MEGA

Seoul - An Unexpected Home

“I understand your situation, but there is nothing we can do to help you here.” he said in a polite, yet irritating way. 

I was fucked. 

With that last ditch attempt of seeking some kind of miracle from a bank counter in the airport crossed off I was now very deep in ‘I’m fucked!’ territory. 

No person or machine could help me squeeze paper out of my plastic. 

My debit cards weren’t working in any of the ATM machines in this new country and I had no cash except some leftover Mexican pesos on me. 

The excitement and novelty of flying from Mexico to Korea had turned to unease and dread. 

An hour earlier I was buzzing at being on Asian soil for the first time. I had made it through immigration and customs without any unwanted intrusions and headed straight for the smoking area outside the terminal building with a sense of excitement. Getting cash was an afterthought. 

When I finally did leave the comfort and comradery of the smoking area and stuck my card into an ATM, the need for cash in my pocket skyrocketed up my list of priorities. 

The big, cumbersome things looked like they belonged to a developing country in the 1980’s, not to a modern cutting-edge nation like South Korea. But here they were, Korean ATMs, intent on ruining my day. 

The machines worked a little bit differently to anywhere else in the world. It was as if they had their own inner conscience that decided which cards they liked and which ones they did not. They hated all of mine. 

‘I need a plan.’ I thought as I looked around the busy arrival hall. 

The information desk was the last resort. 

The lady at the desk was dressed immaculately, the company uniform, makeup and hair routine momentarily distracted me from my worry. 

She looked the part of someone who could somehow help me out of the situation I had fallen into. 

“A night in the airport!” she said, opening her arms enthusiastically.

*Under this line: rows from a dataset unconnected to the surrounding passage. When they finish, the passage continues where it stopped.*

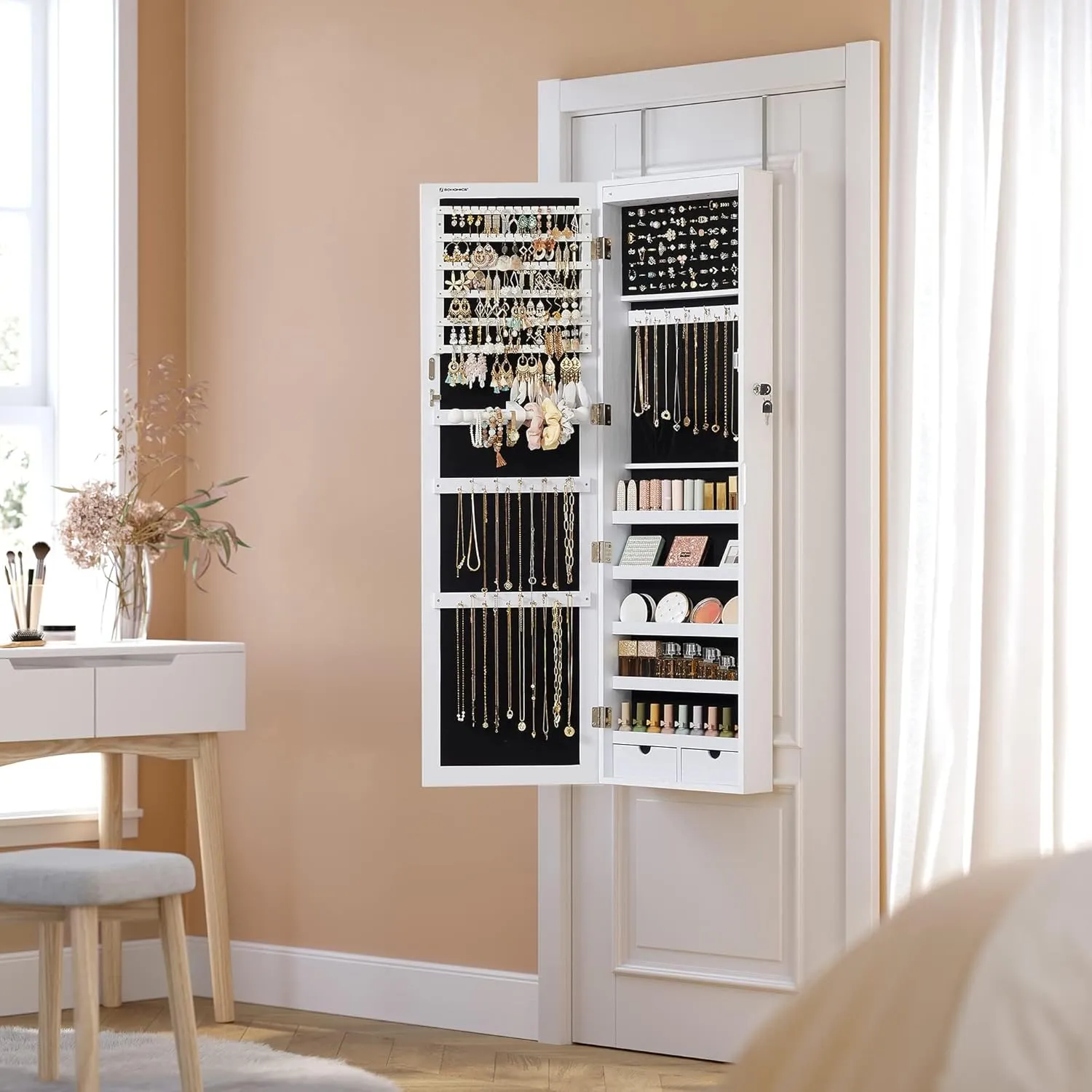SONGMICS 6 LEDs Mirror Jewelry Cabinet, 47.2-Inch Tall Lockable Wall or Door Mounted Jewelry Armoire Organizer with Mirror, 2 Drawers, 3.9 x 14.6 x 47.2 Inches, White UJJC93W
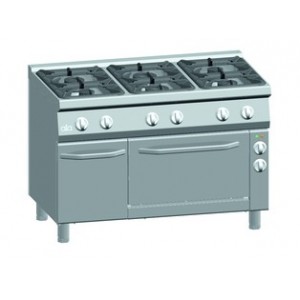 Gasfornuis ATA 6-pits + elektrische oven 1/1 GN + deur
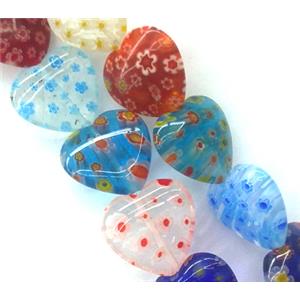 Millefiori glass bead, heart, mixed, 20mm dia, 20pcs per st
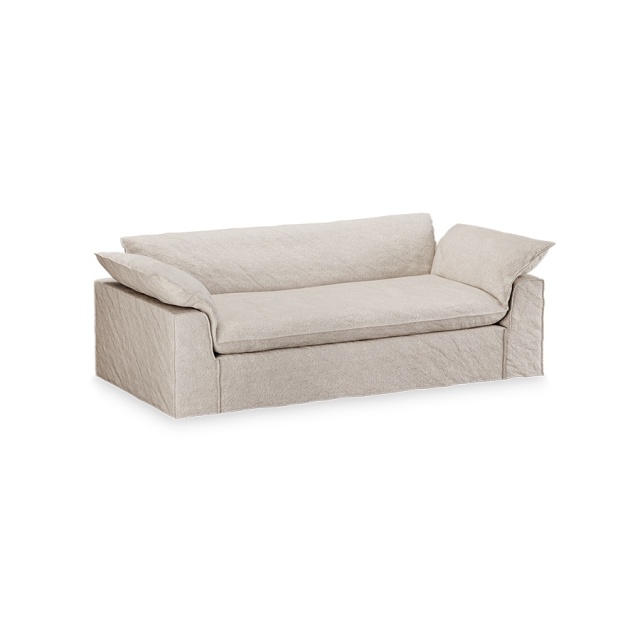 Canapea grej din textil pentru 3 persoane Nomad Boucle HKliving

That was the best she had to offer. 

I smiled and walked away, knowing I was the only person who could solve it. 

As I wandered the airport looking for somewhere quiet to think, I thought back to the receptionist in my Mexico City hostel who days earlier had casually warned me to be prepared for the problem I was now facing. 

At the time I shrugged it off, thinking she probably didn’t have much knowledge of how Korean ATMs worked. Now I was angry I hadn’t prepared for the current problem. 

There were a few occasions when my worn out debit card hadn’t worked in Mexico but it eventually started working fine so I just forgot about it. Now here I was in Korea, fucked. 

These Korean ATMs and their strange engineering wouldn’t be overcome by persistence alone. 

I continued with my recon, now 70% certain I would be spending my first day and night in the country at Incheon International Airport. 

I spotted a corner tucked away behind some escalators with soft sofas and nobody around. I threw off my backpack, sunk into a sofa and connected to the airport WiFi. 

The little break of comfort did me well. I was thinking clearly again. 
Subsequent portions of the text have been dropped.